#### RECORD EXTRACTS

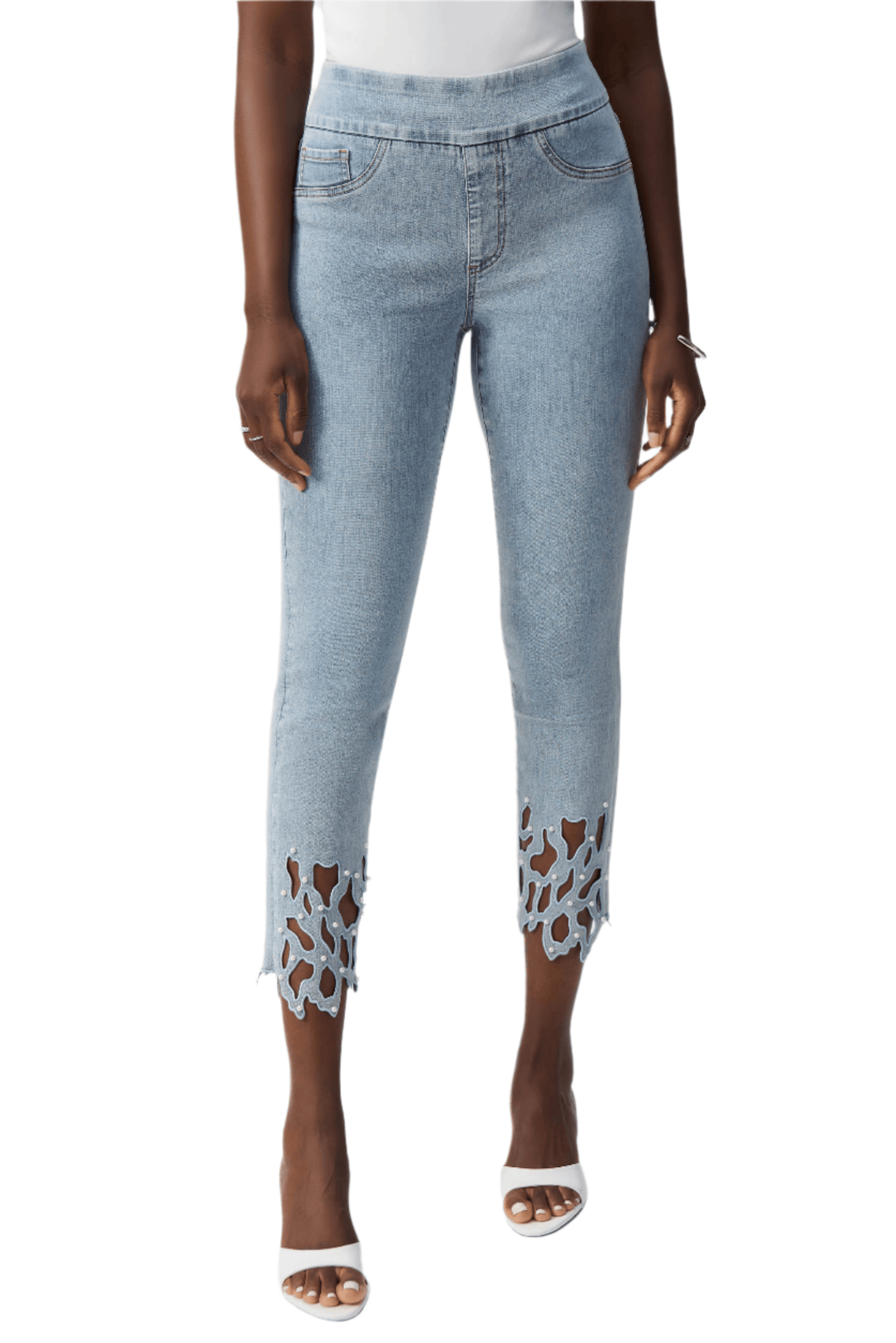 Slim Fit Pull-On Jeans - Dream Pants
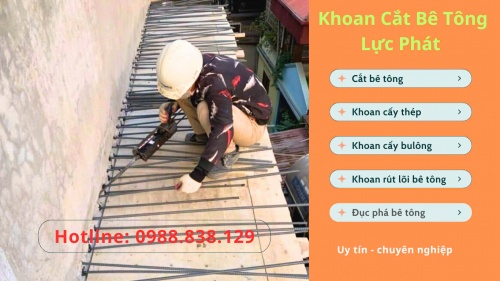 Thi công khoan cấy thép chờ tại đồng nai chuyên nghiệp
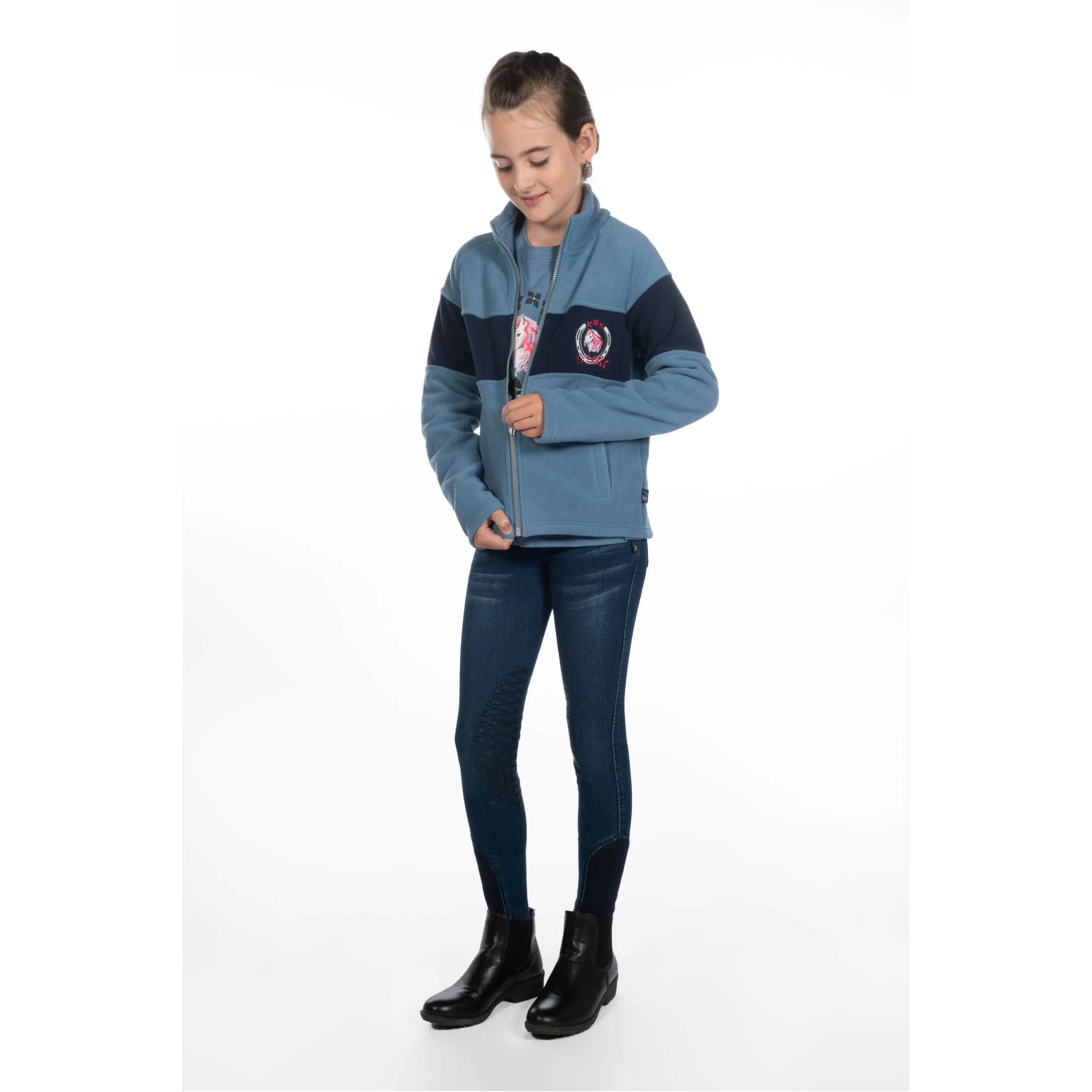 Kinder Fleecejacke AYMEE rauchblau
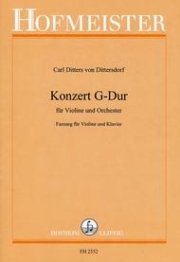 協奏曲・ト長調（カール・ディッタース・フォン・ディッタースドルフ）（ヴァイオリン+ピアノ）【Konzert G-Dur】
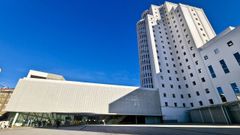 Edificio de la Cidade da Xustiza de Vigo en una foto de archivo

########
#### RECORD EXTRACTS

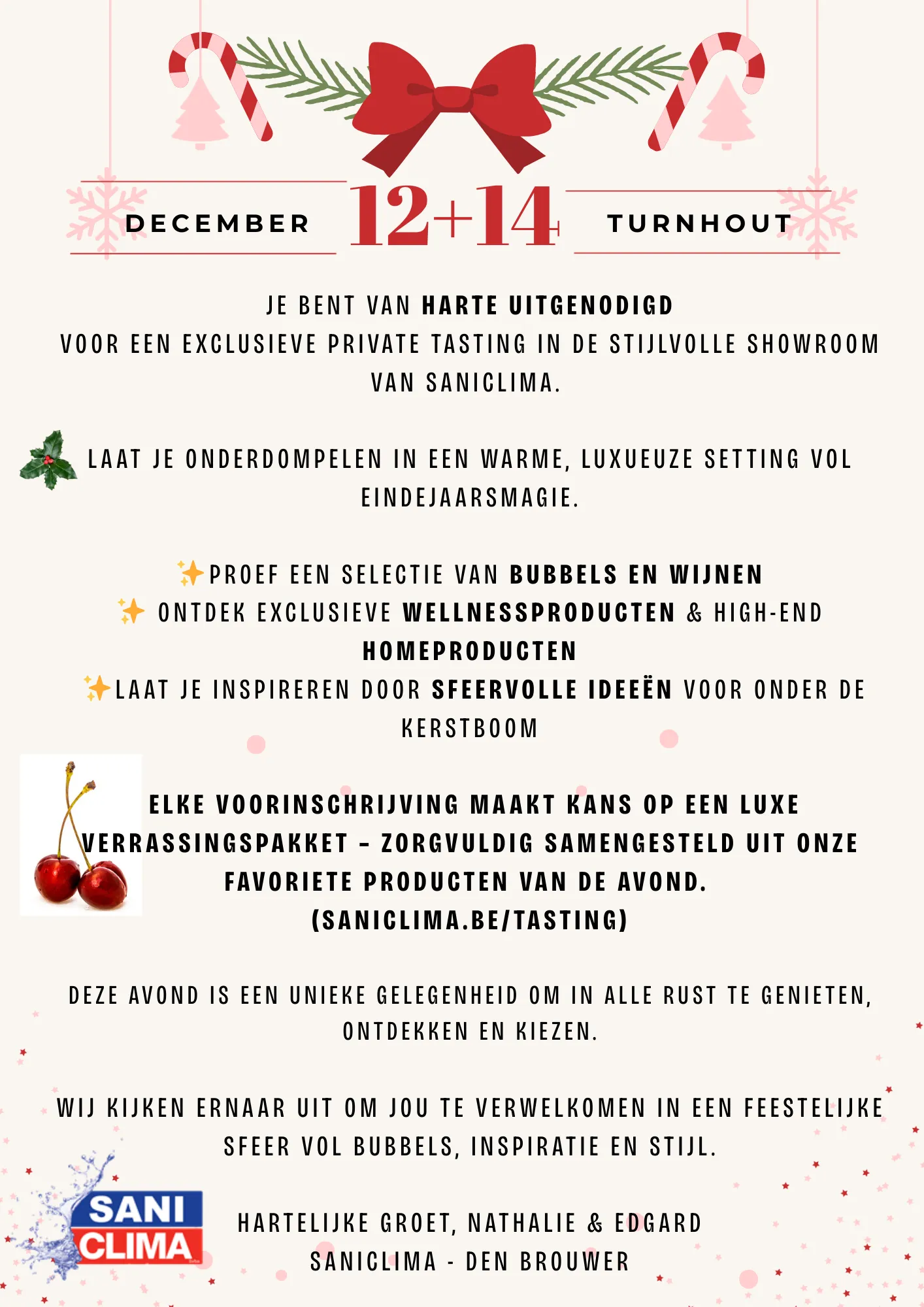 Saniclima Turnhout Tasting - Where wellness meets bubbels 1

########
#### RECORD EXTRACTS

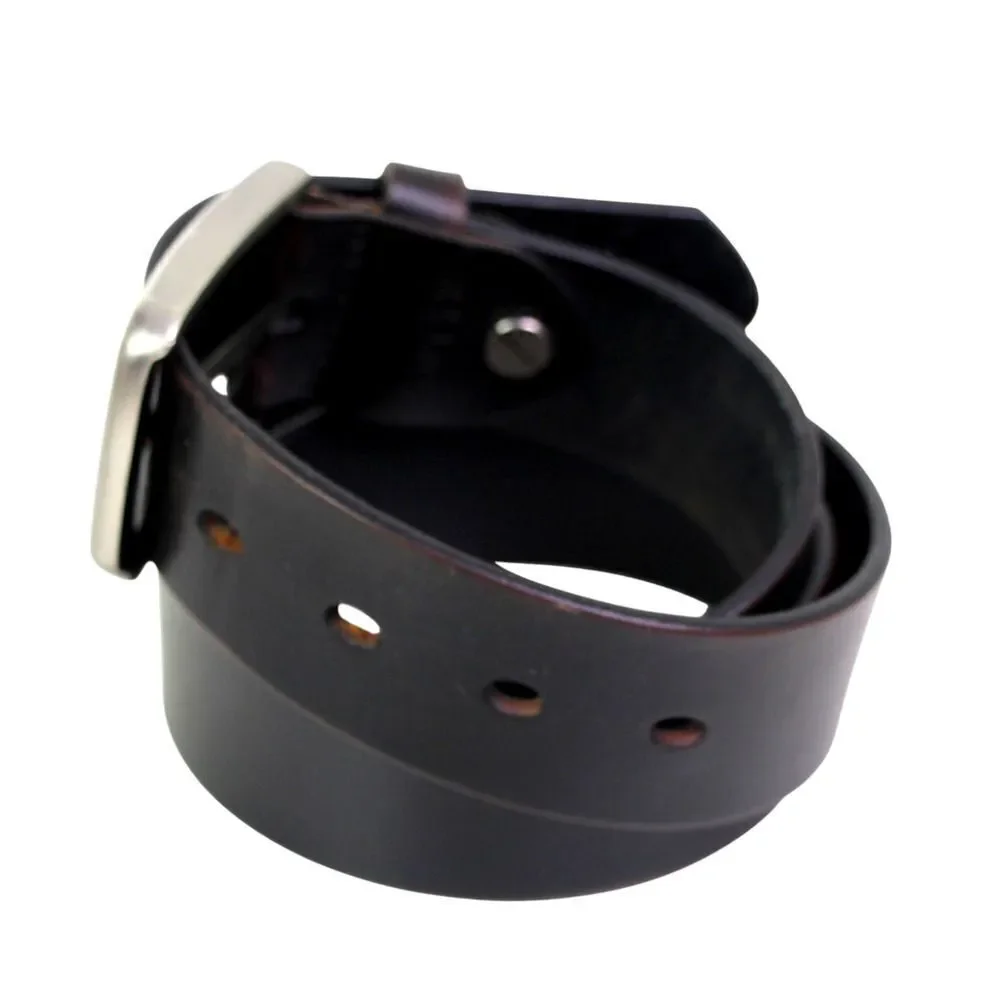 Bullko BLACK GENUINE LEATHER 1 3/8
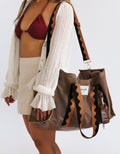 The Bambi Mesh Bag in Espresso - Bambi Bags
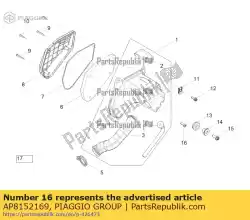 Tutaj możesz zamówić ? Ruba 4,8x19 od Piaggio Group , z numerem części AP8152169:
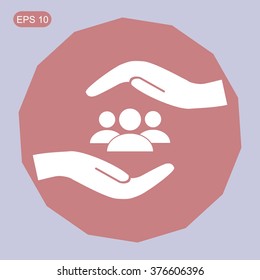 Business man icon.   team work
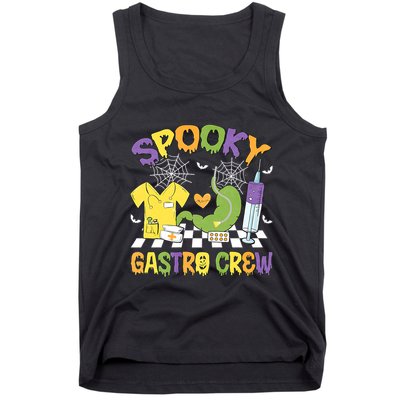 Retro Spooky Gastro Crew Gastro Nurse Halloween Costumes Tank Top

########

[ABOUT THIS EXERCISE] Exercise for the records above: copy only the lines from the one with "Slim Fit Pull-On Jeans - Dream Pants" to the one with "Edificio de la", both ends kept, and drop the pictures.

[RESULT OF THIS TASK]
 Slim Fit Pull-On Jeans - Dream Pants
 Thi công khoan cấy thép chờ tại đồng nai chuyên nghiệp
 Kinder Fleecejacke AYMEE rauchblau
 協奏曲・ト長調（カール・ディッタース・フォン・ディッタースドルフ）（ヴァイオリン+ピアノ）【Konzert G-Dur】
 Edificio de la Cidade da Xustiza de Vigo en una foto de archivo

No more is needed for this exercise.